30. November 2013

„Die Schülerinnen und Schüler können über Macht, Machtbegrenzung und Machtmissbrauch nachdenken (Prinzip der Machtbegrenzung).“

Wir haben es zurzeit lustig in unserem Kollegium. Seit wir uns in unseren Fachgruppen mit dem neuen Lehrplan 21 auseinandergesetzt haben, ist Stimmung angesagt. Kein Tag vergeht, ohne dass ein Kollege oder eine Kollegin uns einen Satz aus den 557 Seiten des neuen Lehrplans zitiert. Die Reaktion ist meistens dieselbe, es wird gelacht, Köpfe werden geschüttelt und Schenkel geklopft.
Heute ist allerdings vielen das Lachen vergangen. Die Nachricht der vom Grossrat beschlossenen Klassenschliessungen ist ebenfalls in unserem Lehrerzimmer gelandet. Folgerichtig fragte eine Kollegin, was denn der ganze „Lehrplan-Mist“ gekostet habe. Sechs Millionen Franken! Und der Schulleiter doppelte nach: 22 Tage Schulung für alle Lehrkräfte seien geplant! Ein anderer fügte hinzu, dass die  Einführung von Frühfranzösisch unseren Kanton insgesamt 60 Millionen Franken kosten werde.
Was anschliessend in Gang gesetzt wurde, war weniger lustig, vor allem für die Urheber dieser Quelle bildungsbürokratischer Segnungen. 557 Lehrer protestieren gegen 557 Seiten Praxisferne, monströse Bildungsprosa, apodiktischer Kompetenzorientierung und das Bestreben, Unterricht auf die Funktionalität einer Kühlhaubenfabrikation reduzieren zu wollen.

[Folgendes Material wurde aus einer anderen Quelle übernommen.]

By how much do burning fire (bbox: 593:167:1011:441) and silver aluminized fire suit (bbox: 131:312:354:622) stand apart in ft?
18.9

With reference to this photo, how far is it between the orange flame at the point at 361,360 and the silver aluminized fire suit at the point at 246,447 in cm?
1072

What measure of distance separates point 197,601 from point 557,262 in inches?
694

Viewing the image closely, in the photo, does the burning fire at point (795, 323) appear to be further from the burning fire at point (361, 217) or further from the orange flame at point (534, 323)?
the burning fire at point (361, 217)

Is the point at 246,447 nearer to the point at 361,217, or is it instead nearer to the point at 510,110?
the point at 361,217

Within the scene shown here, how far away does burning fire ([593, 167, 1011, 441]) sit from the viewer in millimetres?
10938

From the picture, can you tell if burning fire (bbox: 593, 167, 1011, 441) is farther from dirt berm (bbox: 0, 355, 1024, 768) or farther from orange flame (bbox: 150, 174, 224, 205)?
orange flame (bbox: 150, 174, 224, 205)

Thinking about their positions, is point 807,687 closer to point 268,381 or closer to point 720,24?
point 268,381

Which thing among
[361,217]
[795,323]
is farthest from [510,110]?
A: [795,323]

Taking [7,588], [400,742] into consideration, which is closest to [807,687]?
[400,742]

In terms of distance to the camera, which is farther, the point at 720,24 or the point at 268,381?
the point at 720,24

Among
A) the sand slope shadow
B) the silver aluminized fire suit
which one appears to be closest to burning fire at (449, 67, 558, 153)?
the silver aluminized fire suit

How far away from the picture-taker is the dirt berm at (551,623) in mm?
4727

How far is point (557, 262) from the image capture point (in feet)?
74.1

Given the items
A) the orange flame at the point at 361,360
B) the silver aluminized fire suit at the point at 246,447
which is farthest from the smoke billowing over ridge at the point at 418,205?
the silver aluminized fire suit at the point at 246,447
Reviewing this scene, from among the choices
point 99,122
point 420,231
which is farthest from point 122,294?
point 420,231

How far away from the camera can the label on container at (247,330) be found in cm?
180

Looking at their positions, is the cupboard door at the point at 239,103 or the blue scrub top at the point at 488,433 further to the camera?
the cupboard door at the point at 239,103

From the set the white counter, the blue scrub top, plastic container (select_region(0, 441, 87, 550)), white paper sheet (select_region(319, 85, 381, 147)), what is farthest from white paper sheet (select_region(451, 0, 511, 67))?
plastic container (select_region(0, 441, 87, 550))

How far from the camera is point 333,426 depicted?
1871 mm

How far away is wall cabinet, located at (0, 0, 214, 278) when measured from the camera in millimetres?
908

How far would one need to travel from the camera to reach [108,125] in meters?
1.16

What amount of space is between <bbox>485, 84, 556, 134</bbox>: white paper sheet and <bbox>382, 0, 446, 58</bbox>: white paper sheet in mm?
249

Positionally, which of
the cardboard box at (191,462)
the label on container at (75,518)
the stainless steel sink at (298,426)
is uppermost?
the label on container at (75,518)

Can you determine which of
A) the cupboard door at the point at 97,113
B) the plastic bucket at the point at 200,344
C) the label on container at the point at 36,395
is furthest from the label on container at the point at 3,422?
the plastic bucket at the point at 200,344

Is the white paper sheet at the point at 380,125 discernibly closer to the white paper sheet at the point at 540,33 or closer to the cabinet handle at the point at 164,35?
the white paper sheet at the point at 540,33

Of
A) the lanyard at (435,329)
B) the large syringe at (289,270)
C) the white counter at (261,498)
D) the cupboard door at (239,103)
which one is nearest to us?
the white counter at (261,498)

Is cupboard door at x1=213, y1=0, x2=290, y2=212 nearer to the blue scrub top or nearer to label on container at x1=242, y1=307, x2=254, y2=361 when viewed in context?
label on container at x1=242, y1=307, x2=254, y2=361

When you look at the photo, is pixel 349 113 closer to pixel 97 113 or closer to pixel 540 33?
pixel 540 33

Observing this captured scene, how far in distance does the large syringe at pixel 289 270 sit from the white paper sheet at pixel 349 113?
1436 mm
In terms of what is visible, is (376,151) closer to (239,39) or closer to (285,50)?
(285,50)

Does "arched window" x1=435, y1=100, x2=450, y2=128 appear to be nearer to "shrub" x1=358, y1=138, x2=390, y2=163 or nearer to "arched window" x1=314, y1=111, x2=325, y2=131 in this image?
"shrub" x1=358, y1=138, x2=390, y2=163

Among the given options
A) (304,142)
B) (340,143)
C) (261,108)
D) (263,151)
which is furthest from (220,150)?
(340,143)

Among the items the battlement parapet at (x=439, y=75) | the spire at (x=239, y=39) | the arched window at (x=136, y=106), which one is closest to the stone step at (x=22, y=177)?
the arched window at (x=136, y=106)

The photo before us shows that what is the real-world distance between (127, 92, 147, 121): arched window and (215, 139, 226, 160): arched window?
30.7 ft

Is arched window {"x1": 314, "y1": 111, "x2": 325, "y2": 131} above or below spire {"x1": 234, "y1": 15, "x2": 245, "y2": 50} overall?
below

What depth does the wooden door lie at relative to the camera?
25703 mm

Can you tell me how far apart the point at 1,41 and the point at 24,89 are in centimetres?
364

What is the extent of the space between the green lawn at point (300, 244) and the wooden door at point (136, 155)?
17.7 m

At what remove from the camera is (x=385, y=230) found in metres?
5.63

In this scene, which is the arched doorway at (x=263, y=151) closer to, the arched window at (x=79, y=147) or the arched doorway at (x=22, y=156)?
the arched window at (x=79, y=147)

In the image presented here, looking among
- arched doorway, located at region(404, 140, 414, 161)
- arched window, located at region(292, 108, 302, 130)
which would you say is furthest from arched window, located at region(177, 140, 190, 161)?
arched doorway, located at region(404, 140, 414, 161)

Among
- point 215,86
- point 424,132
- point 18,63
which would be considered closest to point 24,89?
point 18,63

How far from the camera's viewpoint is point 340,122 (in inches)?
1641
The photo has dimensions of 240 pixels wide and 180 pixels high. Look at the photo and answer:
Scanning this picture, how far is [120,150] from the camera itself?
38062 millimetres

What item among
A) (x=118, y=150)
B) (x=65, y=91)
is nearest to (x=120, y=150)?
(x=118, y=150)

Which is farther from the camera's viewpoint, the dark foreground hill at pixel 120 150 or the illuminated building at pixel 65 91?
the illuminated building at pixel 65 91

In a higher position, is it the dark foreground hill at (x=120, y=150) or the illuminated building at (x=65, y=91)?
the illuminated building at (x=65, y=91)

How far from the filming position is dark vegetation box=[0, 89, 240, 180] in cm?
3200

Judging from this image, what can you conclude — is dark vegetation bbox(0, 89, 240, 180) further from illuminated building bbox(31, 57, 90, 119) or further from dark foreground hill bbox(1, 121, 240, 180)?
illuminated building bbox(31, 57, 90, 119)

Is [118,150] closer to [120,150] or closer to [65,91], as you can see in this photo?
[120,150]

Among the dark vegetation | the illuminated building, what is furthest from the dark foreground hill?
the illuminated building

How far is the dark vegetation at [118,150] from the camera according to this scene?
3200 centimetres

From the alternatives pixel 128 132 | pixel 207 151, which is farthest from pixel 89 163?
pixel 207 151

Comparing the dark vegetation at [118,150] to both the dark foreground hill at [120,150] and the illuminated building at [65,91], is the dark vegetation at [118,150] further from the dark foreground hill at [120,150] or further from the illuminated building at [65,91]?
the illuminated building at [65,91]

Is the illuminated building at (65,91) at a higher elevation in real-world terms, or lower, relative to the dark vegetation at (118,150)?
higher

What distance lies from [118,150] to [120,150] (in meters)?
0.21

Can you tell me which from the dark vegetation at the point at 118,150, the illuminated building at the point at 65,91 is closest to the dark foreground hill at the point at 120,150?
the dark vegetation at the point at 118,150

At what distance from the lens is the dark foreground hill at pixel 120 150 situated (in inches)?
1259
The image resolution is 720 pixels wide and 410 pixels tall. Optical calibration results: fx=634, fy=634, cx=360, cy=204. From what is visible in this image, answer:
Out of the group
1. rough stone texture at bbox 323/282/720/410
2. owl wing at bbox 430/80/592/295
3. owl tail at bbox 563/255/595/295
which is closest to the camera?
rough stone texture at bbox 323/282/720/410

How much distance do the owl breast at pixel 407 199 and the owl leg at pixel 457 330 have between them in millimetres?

Nach einer Stunde „Netztätigkeit“ waren die ersten 100 Unterschriften schon beisammen. Natürlich gab es auch eine mahnende Stimme: Man könne doch nur stoppen, was laufe, und dieser Unfug werde nie laufen. Der ältere Kollege, aus dessen Munde diese Worte kamen, gehört zu der Gattung Lehrkräfte, die weder „JA“ noch „NEIN“ sagen. Er sagt meistens „ja, ja…“! oder „Ausser Spesen nichts gewesen“.
Angesichts der angedrohten Schliessung von Bildungsinstitutionen, kann man hier aber nicht mehr von Spesen sprechen, sondern von einem gewaltigen Ressourcenklau!
Unser oberster Bildungschef meinte auf die Ankündigung dieses Protestes: „Es kann sein, dass der Lehrplan etwas zu engmaschig sei!“ Diesen wunderbaren Satz muss man sich angesichts der im Lehrplan aufgeführten 4753 Teilkompetenzen einmal auf der Zunge zergehen lassen.
Entweder hat Herr Pulver den Impakt dieses monströsen Regelwerks noch nicht begriffen, oder aber er weiss, worum es geht. Dann ist der Hinweis auf ein bisschen „Viel“ Teil seiner Durchsetzungsstrategie und er ein gerissener Politiker. Ähnlich argumentiert übrigens auch seine Exzellenz Zemp, der Präsident des Schweizerischen Lehrerverbandes, der die fundamentale Kritik „seiner Basis“ gar nicht schön findet.
Das eingangs zitierte Lernziel, wonach man über Machtmissbrauch und Machtbegrenzung nachdenken können soll, mag für Kindergärtner vielleicht etwas hoch gegriffen sein, aber die Lehrkräfte haben diese Kompetenz offensichtlich nach 9 Sparpaketen und vier monumental gescheiterten Bildungsgrossreformen erworben.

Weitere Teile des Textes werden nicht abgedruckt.